RAW or DPX

[Nick Shaw]

Do you have examples of images that are superior because someone clipped off the highlight detail?

Who said anything about clipping off highlight detail?

Using log DPX does the exact opposite – it preserves highlight detail through the workflow, allowing the colourist to compress it into the viewable range (or clip it as a creative choice) during the final grade.

Using 16 bit log DPX is of course preferable to 10 bit, and I use that as my intermediate format of choice much of the time, as I have said elsewhere on this forum.

[Dan Hudgins]

Using log DPX does the exact opposite – it preserves highlight detail through the workflow, allowing the colourist to compress it into the viewable range (or clip it as a creative choice) during the final grade.

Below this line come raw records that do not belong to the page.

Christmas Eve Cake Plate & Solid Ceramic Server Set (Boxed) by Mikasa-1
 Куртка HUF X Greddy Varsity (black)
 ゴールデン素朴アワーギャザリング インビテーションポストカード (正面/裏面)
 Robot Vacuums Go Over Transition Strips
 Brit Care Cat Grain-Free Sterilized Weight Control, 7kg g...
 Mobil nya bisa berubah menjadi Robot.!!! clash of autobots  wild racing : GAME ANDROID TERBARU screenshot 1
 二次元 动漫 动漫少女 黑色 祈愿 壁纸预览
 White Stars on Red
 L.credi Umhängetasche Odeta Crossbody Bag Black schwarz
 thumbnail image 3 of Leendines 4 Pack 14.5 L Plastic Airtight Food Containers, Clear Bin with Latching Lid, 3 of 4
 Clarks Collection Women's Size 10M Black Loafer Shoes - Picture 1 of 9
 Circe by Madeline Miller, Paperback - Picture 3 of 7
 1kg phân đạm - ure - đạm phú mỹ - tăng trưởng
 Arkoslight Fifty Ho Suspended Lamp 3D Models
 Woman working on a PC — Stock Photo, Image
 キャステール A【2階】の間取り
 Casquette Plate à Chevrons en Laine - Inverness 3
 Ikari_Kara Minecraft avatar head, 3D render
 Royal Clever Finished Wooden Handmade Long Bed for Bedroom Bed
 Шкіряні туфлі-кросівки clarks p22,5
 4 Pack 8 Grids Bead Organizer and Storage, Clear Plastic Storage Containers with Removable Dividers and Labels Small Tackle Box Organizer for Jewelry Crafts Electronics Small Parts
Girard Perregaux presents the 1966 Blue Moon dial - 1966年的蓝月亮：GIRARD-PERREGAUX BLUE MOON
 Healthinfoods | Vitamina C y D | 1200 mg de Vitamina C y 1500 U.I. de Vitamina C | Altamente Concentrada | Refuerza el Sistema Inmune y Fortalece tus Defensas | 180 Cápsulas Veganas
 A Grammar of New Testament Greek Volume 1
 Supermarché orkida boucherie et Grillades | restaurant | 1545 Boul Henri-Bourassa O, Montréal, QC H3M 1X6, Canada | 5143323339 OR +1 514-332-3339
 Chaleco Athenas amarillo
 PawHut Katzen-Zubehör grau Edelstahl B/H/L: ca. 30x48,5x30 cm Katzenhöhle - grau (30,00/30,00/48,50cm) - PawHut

There is the issue of what is going on with the data "outside the viewable range" with various tools that minipulate the curves, if you cannot "see" the data above the upper clip point, its hard to adjust it, or at least be sure what effect each program has on it.

Yes you can A/B monitor look-up-tables, maybe, in some programs, but its not a system that is "fool proof" as many calibrations are needed and that could limit the freedom to pass the data around.

My view is that its better to have ALL the data visable on screen ALL the time, and to use a data format that has enough bits that you can adjust the relative contrast between the shadow, mid-tone, and highlight areas up and down several times without scaling errors being visable above the 9th bit from the top. With 16bits it takes quite a bit of up and down before you see histogram gaps above the 9th bit even if you use an S-curve.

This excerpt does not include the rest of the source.